Beyond nominally sharing the same engine, the 458 also shares its paddle-shifted dual-clutch transmission (DCT) with the California. Sort of. Like the engine, the F1-inspired DCT has been tweaked into an entirely different beast for the Italia, tuning the gearbox into a coiled spring of perfection. The shifts are spotless, instant. The Italia is also the first Ferrari to be designed exclusively with a DCT gearbox in mind — there will be no manual available. Sadly, this heralds the future of Ferrari from this point forth. And while purists will groan and whine about the lack of a manual option, statistics show their complaints are baseless. Less than 5% of Ferraris sold in 2009 were manual, a stark evidence of the technology’s obsolescence. And why not? When you have at your fingertips a dual-clutch gearbox as incredibly fast, smooth, and responsive as the Italia’s, why ever take your hands off the wheel to shift a stick.

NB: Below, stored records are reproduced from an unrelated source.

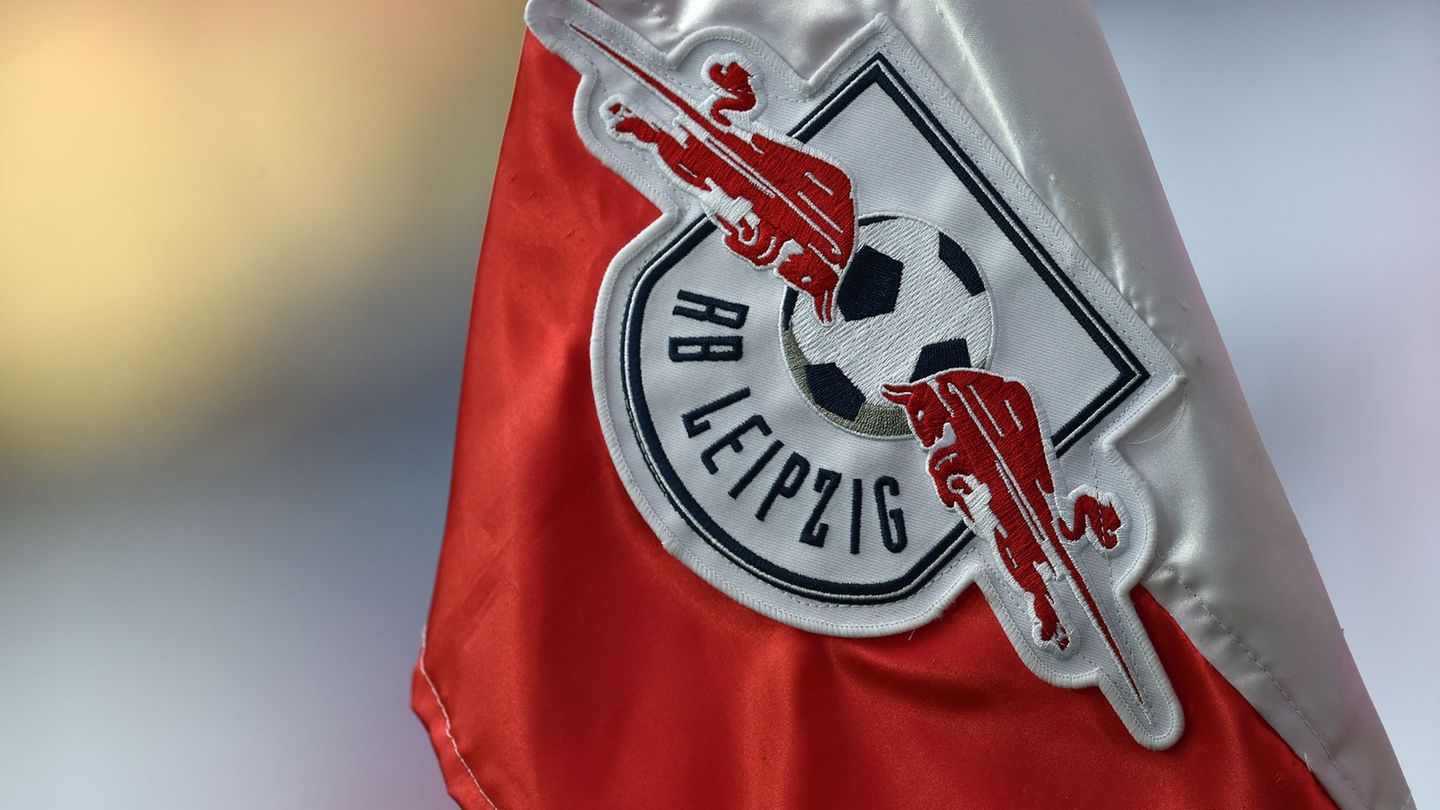 Wechselpoker: RB Leipzig holt 18-Jährigen: Vertrag bis 2030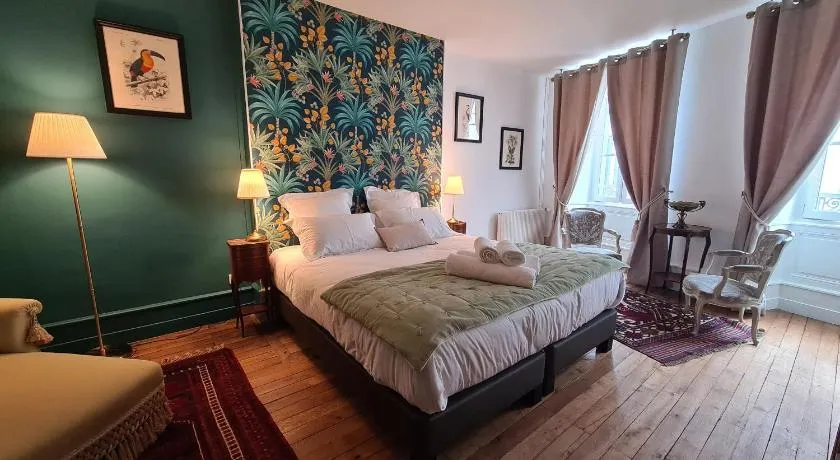 Chambre spacieuse avec grand lit et salle d'eau privée, petit-déjeuner inclus - Châteauroux - FR-1-591-601 - Image 1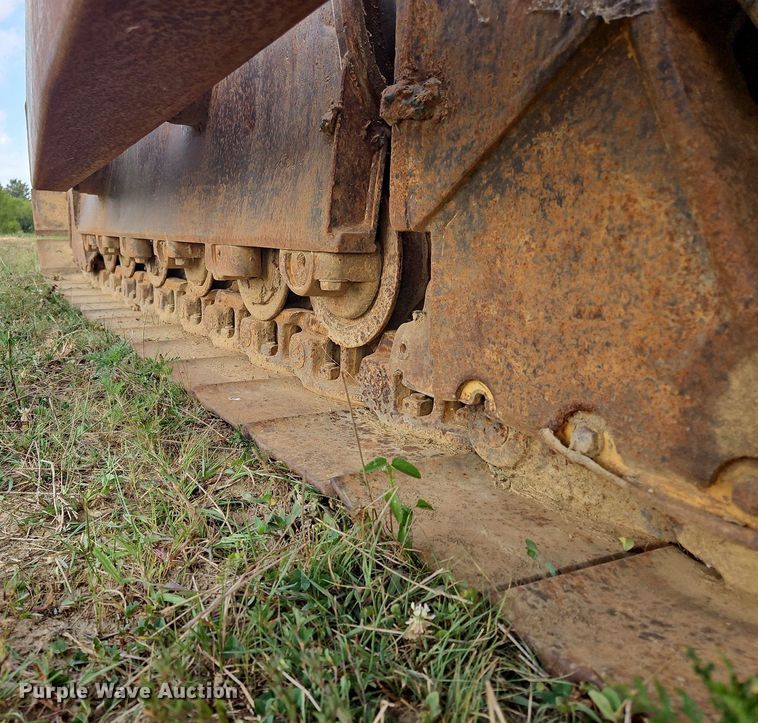 image for item OJ9789 1995 Caterpillar  D6H dozer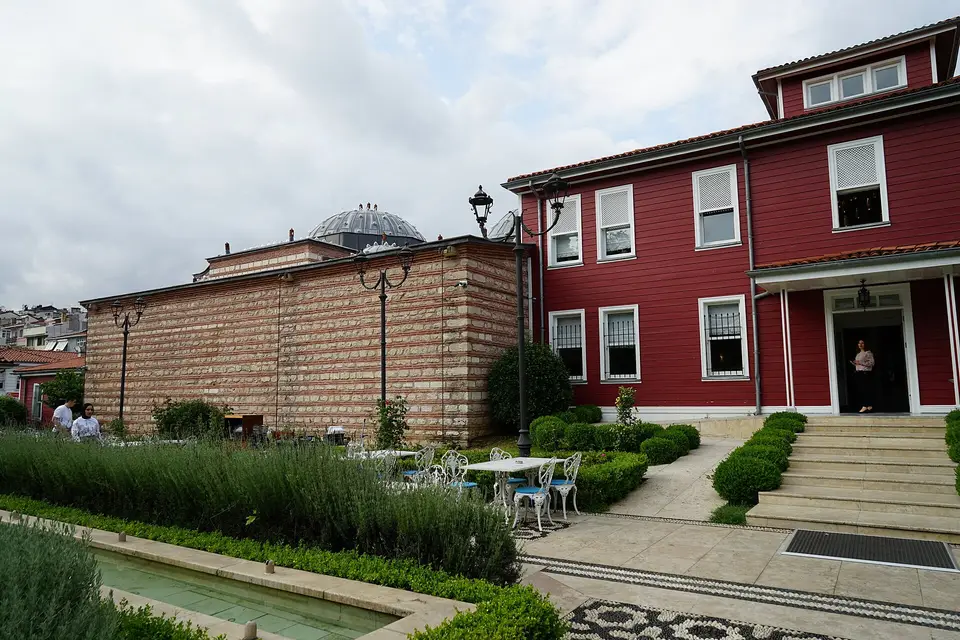 Kadıköy’de Selimiye Hamamı’nın kubbeli taş-tuğla gövdesi ve yanındaki ahşap bina, bahçeden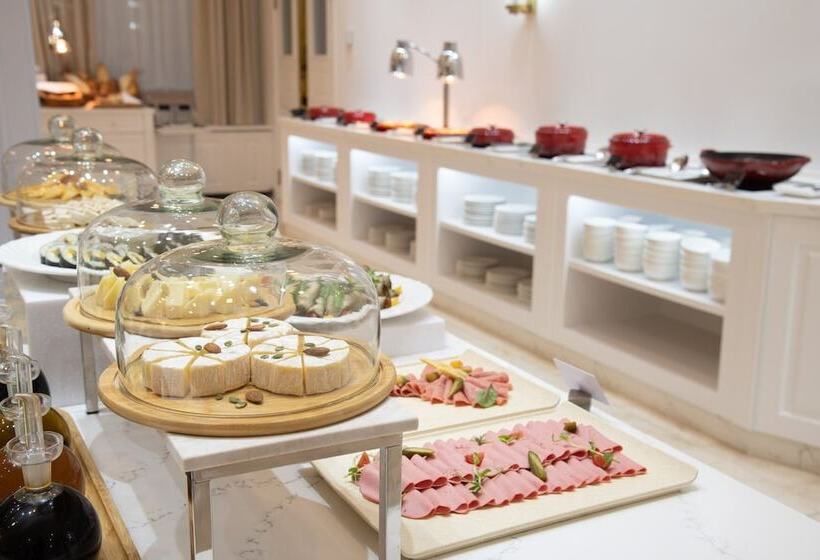 Lotte City Hotels Tashkent Palace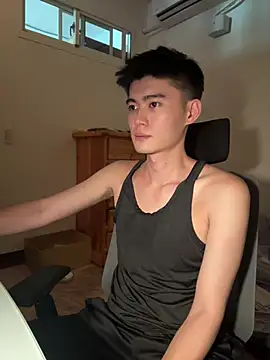 Snapshot of CalvinHY chatting on July 2, 4:18 am CalvinHY online show from July 2, 4:18 am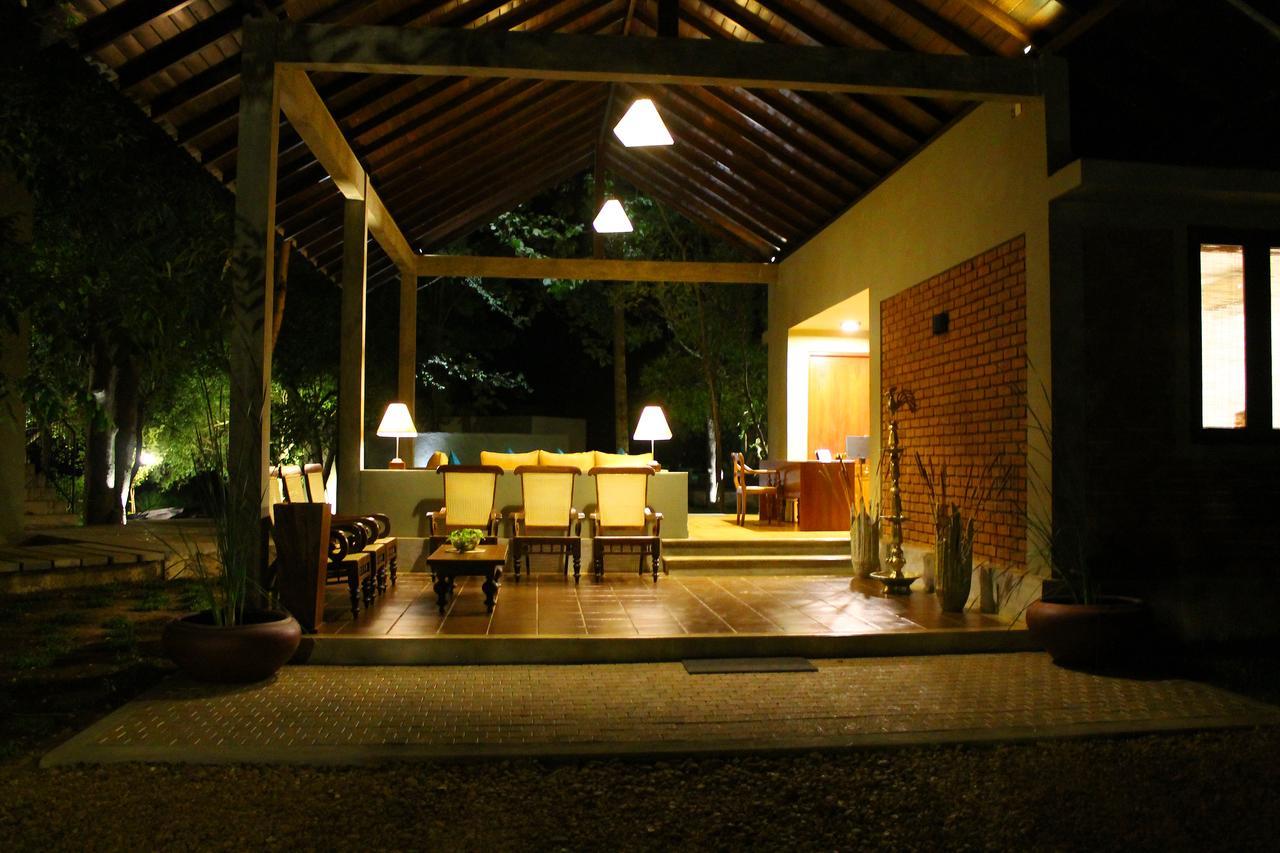 Ehalagala Lake Resort Сигирия Экстерьер фото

There are many other leaps in technology involved in the Italia, such as a 30% improvement on emissions due mostly to decreases in internal engine friction. Or its stalk-less steering column, with all controls (blinkers, wipers, high beams, etc) replaced on the wheel itself. Or its direct injection — the first of its kind for a Ferrari V8. But in the end, what is most important to note about the Italia is not the technology it pioneers (as stunning as it is), nor its progress in emissions and mileage (as admirable as they may be). What is most unforgettable about the Italia is its sheer beauty. For the Pininfarina-penned Ferrari 458 is a “tribute to Italy,” as explained by Ferrari Chairman Luca di Montezemolo, and it needs to earn its moniker. It is the Italia, after all, and as good as it looks on printed paper and shining pixel you will not be able to truly grasp its elegance until you see it parked before you. Or better still, until you hear its engine approaching from a quarter-mile away, and then you see it zip by in a Matrix-like internal slow motion shot. Or even better yet, until you see its swooping hood through the windshield, with your hands wrapped tightly around its leather steering wheel, engine roaring triumphantly behind your ears, lined rows of pear and apple trees blurring by you in streaks of white and yellow, and the corners of your mouth touching your ears. Only then will you know the beauty. Viva Italia.